PLOTLINE
In this, the first adventure of his third incarnation, the Doctor, Liz Shaw and the Brigadier grapple with the nightmarish invasion of the Autons. Living, giant-sized, plastic-modelled 'humans' with no hair and sightless eyes, they are waxwork replicas and tailors' dummies whose murderous behaviour is directed by the Nestene Consciousness - a malignant, squid-like monster of cosmic proportions and indescribably hideous appearance.
COMMENT
This is Caroline John's unabridged reading of the Terrance Dicks novelisation of Jon Pertwee's debut (Robert Holmes-penned) story SPEARHEAD FROM SPACE published by Target in the UK in 1974; the story was first transmitted in January 1970 and finally released on DVD in 2001 (it was initially released on VHS in April 1997).
I enjoyed this retelling of a classic telly story as an antidote to a Tate-tainted season (the fourth season of Who 2.0 is airing as I write). I am not a Dicks fan because I find him a work-horse rather than an innovator (he was script editor at the time), someone with the capacity to get the job done on time without any fuss or flair. This is a Holmes classic but its influences make it pure pastiche: Kneales' Quatermass II leaps to the memory when one notes that both it and SPEARHEAD FROM SPACE feature alien invasion by meteorite and culminate in a monster being grown in a tank.
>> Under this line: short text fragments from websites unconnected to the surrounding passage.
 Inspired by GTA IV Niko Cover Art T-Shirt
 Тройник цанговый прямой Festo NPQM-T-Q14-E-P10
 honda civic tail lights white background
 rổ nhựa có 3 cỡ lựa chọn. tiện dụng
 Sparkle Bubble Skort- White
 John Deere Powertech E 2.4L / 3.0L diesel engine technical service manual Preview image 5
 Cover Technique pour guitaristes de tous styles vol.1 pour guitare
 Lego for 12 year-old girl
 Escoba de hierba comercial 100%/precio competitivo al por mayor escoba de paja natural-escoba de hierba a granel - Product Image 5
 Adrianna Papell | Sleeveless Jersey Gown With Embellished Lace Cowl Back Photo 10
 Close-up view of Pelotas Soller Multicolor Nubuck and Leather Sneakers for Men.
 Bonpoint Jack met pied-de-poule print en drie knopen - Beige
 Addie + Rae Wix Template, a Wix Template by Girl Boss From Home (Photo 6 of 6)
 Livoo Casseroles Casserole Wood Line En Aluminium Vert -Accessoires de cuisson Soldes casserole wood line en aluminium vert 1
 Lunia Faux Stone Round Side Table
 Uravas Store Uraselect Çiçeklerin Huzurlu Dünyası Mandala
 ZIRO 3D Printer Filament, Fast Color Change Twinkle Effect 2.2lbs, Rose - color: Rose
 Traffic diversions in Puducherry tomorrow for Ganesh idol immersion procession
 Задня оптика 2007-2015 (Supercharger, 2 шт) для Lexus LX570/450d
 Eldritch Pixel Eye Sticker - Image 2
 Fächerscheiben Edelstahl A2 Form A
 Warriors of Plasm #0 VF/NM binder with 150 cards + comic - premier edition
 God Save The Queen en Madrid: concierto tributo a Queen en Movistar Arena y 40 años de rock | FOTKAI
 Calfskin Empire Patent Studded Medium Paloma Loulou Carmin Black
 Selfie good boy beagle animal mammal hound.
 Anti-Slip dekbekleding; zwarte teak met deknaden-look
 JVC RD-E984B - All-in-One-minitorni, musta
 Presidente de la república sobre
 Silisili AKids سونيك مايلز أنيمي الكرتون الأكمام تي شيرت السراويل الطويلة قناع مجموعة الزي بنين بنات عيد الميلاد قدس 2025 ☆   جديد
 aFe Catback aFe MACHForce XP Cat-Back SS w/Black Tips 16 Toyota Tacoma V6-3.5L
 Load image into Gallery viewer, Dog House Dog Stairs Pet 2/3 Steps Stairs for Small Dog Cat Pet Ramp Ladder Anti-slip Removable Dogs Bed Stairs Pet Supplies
John is superb. It's not her first Who audio: she is Liz Shaw after all and so who better to read this (not least because it's Liz's debut as well)? She adopts several different voices to help differentiate the characters and her rendition of the Brigadier while comic is superb; overall, she conveys natural authority in her tone of voice (which one would expect from UNIT's Special Adviser-in-waiting). Liz is a stand-out character here (she is a scientist in her own right): her reaction to the Brigs' story about alien invasions is laugh-out-loud funny ("He's cracking up").
Pertwee's clowning is not here, thank heavens. We do not see him going cross-eyed while being throttled by the Nestene Consciousness, nor do we endure his face-pulling when studying his new look in the mirror. His Doctor is prickly, pompous and very middle-class English ("Lethbridge-Stewart! My dear fellow!" is a greeting that could be replaced by "Hale fellow, well met!") and John puts that across to brittle effect.
In purely production terms, this release has a few nice sound effects (but the Auton tracking signal is missing!) and the music used to represent chapter and scene transitions is fine.
There is some good low comedy. When the Brig is told that the comatose Doctor's brain scan is flat, his reaction is a bemused "Not a lot going on?" And one unspoken reaction to the Doctors presence is priceless: "The tall chap is one of the nobs"
And there is one gaffe which I could not ignore. Dicks describes the Auton hand gun as working on a wrist hinge, which is plain wrong.
The story is laden with key moments but the most memorable are the Brigs offering the Doctor the job as UNIT's Special Adviser, the Doctor then asking Liz to come aboard as his assistant and then his choosing the alias John Smith. It ends with the clear indication that a sequel is likely which is fair enough because they did return in the Holmes-scripted TERROR OF THE AUTONS the following year. Unfortunately, Dicks wrote the Target novelisation for that, too.
The rating reflects the credibility which John's performance lends to this tale.